Reply to post: Re: Closed black box firmware

OK, deep breath, relax... Let's have a sober look at these 'ere annoying AMD chip security flaws

zxq9

Re: Closed black box firmware

This is a ridiculous argument and leads right back to "trusting trust".

If you don't trust the manufacturer, the shipper, the prepper, or the administrator of the system, then OF COURSE you don't trust the system. That point should be obvious.

We have had a policy in the unit I was in previously (and now I have brought it to my current company) that "physical access is the final barrier". And that's it. TCM concepts and whatnot are simply never, ever workable. Even the classic "evil maid" attack isn't actually mitigated by UEFI or TCM because the firmware itself can be replaced with physical access (whether or not root on a running system). The softness of software makes it impossible to know anything about any mutual trustworthiness scheme where two soft modules verify one another.

Go write a package manager. Or a "secure" compiler suite.

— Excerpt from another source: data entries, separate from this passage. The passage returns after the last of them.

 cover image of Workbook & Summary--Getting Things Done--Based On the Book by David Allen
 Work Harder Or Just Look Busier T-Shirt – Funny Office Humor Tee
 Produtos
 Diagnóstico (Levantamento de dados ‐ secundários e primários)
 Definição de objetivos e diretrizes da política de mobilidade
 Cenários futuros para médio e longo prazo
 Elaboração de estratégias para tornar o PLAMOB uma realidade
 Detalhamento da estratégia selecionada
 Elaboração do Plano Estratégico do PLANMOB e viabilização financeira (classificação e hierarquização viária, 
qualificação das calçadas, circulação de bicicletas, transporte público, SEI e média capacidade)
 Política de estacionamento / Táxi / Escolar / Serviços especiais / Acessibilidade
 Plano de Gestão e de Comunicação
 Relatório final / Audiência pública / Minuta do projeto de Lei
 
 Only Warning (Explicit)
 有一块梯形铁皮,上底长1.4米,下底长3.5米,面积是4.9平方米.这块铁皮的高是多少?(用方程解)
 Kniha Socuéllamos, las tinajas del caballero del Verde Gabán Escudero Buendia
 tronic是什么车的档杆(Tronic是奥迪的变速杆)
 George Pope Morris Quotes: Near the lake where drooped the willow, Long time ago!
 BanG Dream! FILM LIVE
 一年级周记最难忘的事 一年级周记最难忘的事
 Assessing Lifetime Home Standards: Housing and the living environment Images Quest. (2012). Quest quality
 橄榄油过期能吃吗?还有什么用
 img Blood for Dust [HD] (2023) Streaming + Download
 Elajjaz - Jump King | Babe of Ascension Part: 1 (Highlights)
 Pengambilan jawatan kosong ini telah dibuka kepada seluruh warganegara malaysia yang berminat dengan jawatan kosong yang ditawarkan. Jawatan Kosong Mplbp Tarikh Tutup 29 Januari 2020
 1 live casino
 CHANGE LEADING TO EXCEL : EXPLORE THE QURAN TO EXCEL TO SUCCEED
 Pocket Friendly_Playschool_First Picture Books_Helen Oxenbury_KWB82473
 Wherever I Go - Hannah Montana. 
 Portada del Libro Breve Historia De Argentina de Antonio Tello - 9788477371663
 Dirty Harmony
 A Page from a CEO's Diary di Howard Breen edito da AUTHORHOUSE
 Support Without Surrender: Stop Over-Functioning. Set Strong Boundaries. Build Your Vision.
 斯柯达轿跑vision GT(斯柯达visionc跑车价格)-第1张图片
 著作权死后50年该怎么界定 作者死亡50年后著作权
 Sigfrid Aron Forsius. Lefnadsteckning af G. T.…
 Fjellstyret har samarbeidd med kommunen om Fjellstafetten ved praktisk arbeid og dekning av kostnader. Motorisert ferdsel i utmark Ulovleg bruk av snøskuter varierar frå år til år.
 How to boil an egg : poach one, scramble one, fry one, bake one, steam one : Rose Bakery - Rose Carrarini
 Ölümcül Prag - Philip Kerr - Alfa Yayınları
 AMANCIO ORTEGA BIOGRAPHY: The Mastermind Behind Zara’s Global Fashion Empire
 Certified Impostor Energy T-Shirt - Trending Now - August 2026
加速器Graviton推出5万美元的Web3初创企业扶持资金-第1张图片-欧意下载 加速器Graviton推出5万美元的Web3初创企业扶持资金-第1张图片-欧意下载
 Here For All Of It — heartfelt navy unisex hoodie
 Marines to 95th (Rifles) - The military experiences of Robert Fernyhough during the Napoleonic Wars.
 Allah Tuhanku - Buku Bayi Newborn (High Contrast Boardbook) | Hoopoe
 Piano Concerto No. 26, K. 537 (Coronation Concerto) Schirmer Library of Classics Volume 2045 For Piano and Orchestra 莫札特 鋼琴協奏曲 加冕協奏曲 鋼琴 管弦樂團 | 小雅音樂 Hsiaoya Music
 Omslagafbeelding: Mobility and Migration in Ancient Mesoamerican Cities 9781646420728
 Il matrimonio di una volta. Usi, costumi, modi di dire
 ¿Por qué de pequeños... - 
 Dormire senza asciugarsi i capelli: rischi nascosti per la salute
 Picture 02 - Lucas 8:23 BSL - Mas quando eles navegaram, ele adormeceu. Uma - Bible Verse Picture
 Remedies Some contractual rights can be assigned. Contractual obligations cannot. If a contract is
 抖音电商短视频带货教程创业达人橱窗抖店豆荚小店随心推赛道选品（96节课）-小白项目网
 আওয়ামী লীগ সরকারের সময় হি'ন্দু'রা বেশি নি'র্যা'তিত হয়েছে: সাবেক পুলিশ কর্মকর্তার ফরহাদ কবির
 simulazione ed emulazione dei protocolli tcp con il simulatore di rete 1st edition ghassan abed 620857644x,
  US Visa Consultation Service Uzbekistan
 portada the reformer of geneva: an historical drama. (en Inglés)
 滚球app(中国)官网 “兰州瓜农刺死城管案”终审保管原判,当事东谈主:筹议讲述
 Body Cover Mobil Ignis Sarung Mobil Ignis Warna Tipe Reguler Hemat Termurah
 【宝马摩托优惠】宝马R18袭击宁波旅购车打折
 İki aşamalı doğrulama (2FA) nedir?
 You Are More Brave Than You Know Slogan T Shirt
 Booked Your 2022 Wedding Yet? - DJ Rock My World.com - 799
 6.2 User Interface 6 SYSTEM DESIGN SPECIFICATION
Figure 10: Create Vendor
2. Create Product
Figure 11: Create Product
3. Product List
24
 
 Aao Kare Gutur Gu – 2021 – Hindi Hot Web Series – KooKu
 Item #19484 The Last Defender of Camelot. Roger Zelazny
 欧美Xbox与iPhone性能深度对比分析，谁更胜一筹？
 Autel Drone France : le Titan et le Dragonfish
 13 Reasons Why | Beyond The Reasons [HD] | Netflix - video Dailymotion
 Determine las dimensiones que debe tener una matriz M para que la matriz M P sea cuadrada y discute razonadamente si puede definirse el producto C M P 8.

Have fun figuring out where a reasonable "bottom" lies as you start digging into issues about trusting trust.

This was CLEARLY a hit piece on AMD. I don't know if Intel funded it -- it seems highly plausible but unlikely because it could probably be easily traced back to them -- but whoever did certainly had an anti-AMD agenda and picked their moment to counteract the slew of recent Intel flaws.